Menyerah, aku melajukan motor ke Puskesmas Karang Pakis. Hari ini aku mengajukan izin untuk tidak mengajar karena—entah disebabkan gatal-gatal ini atau yang lain—tubuhku demam.
Baru pukul sembilan pagi sekarang, satu jam setelah Puskesmas buka, tapi antreannya sudah mengular. Bangku-bangku tunggu yang berderet-deret itu penuh. Orang-orang tampak resah. Sebagian besar dari mereka mengalami hal yang sama sepertiku. Bahkan, kulihat seorang perempuan dengan wajah dipenuhi bintil-bintil berair ini. Luka lepuh di tangannya akibat bintil yang pecah malah mulai mengoreng. Borok kehitaman itu terlihat basah dan bernanah.

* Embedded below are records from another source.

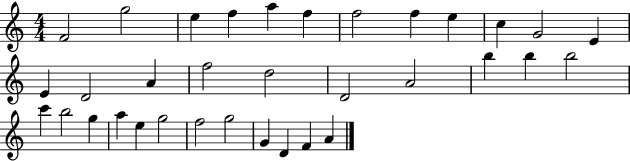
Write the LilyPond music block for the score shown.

{
  \clef treble
  \numericTimeSignature
  \time 4/4
  \key c \major
  f'2 g''2 | e''4 f''4 a''4 f''4 | f''2 f''4 e''4 | c''4 g'2 e'4 | \break e'4 d'2 a'4 | f''2 d''2 | d'2 a'2 | b''4 b''4 b''2 | \break c'''4 b''2 g''4 | a''4 e''4 g''2 | f''2 g''2 | g'4 d'4 f'4 a'4 | \break \bar "|."
}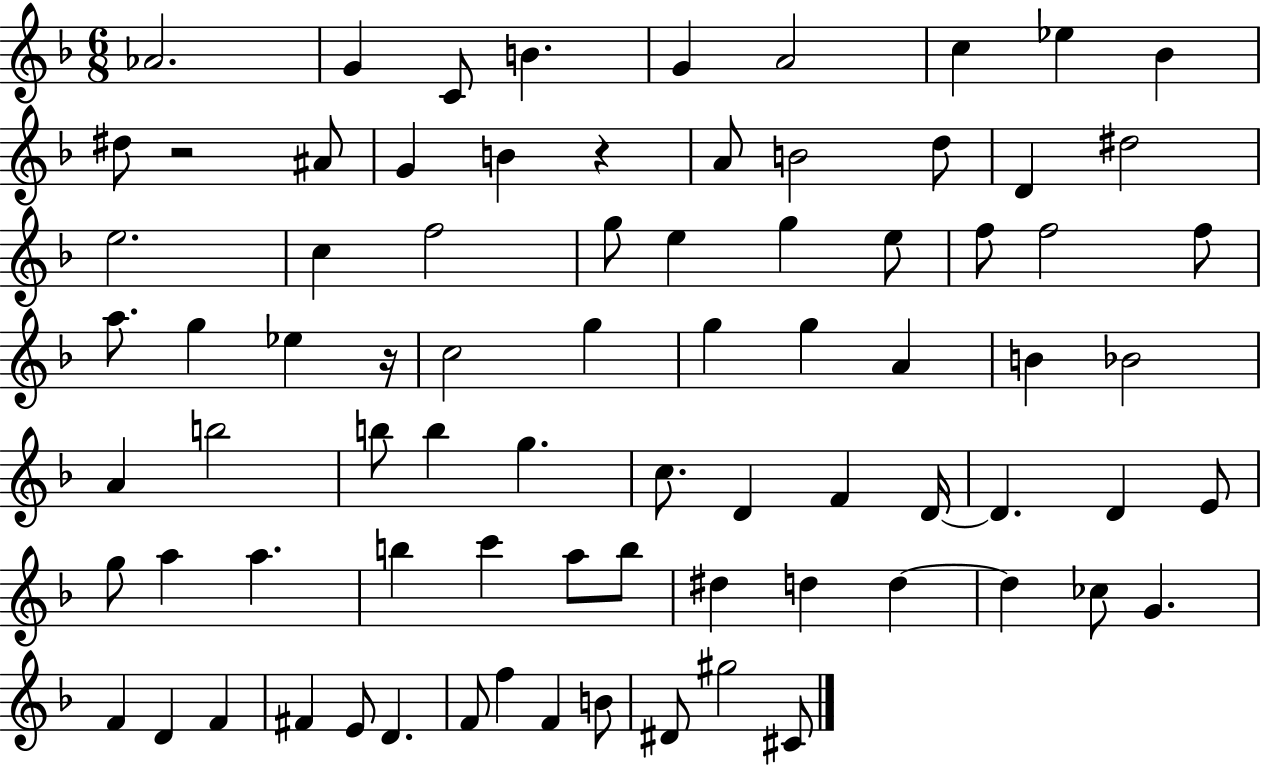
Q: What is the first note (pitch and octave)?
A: Ab4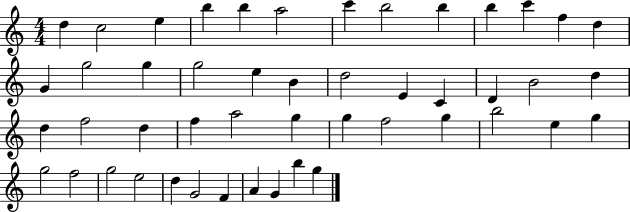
{
  \clef treble
  \numericTimeSignature
  \time 4/4
  \key c \major
  d''4 c''2 e''4 | b''4 b''4 a''2 | c'''4 b''2 b''4 | b''4 c'''4 f''4 d''4 | \break g'4 g''2 g''4 | g''2 e''4 b'4 | d''2 e'4 c'4 | d'4 b'2 d''4 | \break d''4 f''2 d''4 | f''4 a''2 g''4 | g''4 f''2 g''4 | b''2 e''4 g''4 | \break g''2 f''2 | g''2 e''2 | d''4 g'2 f'4 | a'4 g'4 b''4 g''4 | \break \bar "|."
}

Aku tahu dia berusaha benar untuk tidak menggaruk bintil berdompol di pipinya, tapi tentu saja—tidak tahan. Berkali-kali dia mengangkat tangan dan kukunya bergesekan dengan wajahnya yang kini pasti terasa kasar. Beberapa gelembung pecah, aku seperti bisa mendengar suaranya di kepalaku—ceplus-ceplus—dan perempuan itu menggerutu. Orang-orang menjauhinya. Sungguh mengherankan, padahal mereka juga punya keluhan yang sama. Namun, melihat borok bernanah tersebut, aku tahu si perempuan sudah masuk ke klasifikasi yang lebih parah. Mungkin gatal-gatal itu telah menyebar ke sekujur tubuhnya.
Suara bayi dan balita yang berteriak atau merintih membuat suasana Puskesmas semakin heboh. Beberapa minggu terakhir memang ada kematian balita yang disebabkan muntaber—kudengar. Sebetulnya aku agak heran petugas medis sampai kecolongan akan hal tersebut, tapi mungkin memang sudah takdirnya.
Puskesmas di Karang Pakis lumayan bagus, lengkap dengan fasilitas PONED—layanan untuk melahirkan yang buka 24 jam dan petugas medis yang—uhm, muda-muda dan terlihat galak. Bangunannya bersih, luas, catnya juga tampak baru. Satu ambulans terparkir di halamannya yang cukup asri.
Karang Pakis bukan desa tertinggal atau apa. Desa ini merupakan bagian dari kelurahan Karang Asri yang cukup nyaman untuk ditinggali. Dikenal sebagai desa pembuat barang-barang dari kapuk—kasur, bantal—tapi banyak juga warga yang berprofesi sebagai petani di sini. Di bagian barat desa terhampar sawah-sawah yang jadi tempat favoritku untuk menikmati pagi, kalau sedang senggang.
Perputaran ekonomi di sini cukup stabil, kurasa, meski ada juga warga yang lebih senang berkumpul-kumpul karena menganggur. Melihat hal ini, aku memahami mengapa warga enggan melepas Karang Pakis untuk kepentingan pabrik semen itu. Ya, siapa sih, yang mau pindah dari tempat kelahiran mereka tanpa ada keperluan mendesak, dan memulai segalanya dari awal? Baru dibayangkan saja sudah kelihatan repotnya.
Kudengar, pabrik semen ini tak lagi di bawah wewenang pemerintah karena penolakan warga yang berkelanjutan. Namun, investor dan para pengusaha mengambil alih proyek itu dan tetap menginginkan pendiriannya di wilayah ini. Mereka tidak menyerah. Warga juga tidak mau kalah.
Alasan warga sepenuhnya masuk akal. Pabrik semen, huh? Bayangkan saja apa dampak yang akan terjadi. Tanpa pabrik semen pun, sungai di sini sudah menghitam karena tercemar obat batik. Oh, aku belum bilang. Pekalongan adalah kota batik. Ya, ya, batik yang kamu pakai itu sebagian besarnya diproduksi di kota ini. Meski Karang Pakis tidak termasuk penghasil batik yang besar, tapi ada dua pengusaha batik di sini.
Aku tidak tahu apakah itu yang juga akhirnya menyebabkan air sumur di Karang Pakis jadi keruh. Tidak bisa diminum. Mayoritas warga menggunakan layanan Pamsimas berbayar per bulan, termasuk di kostku.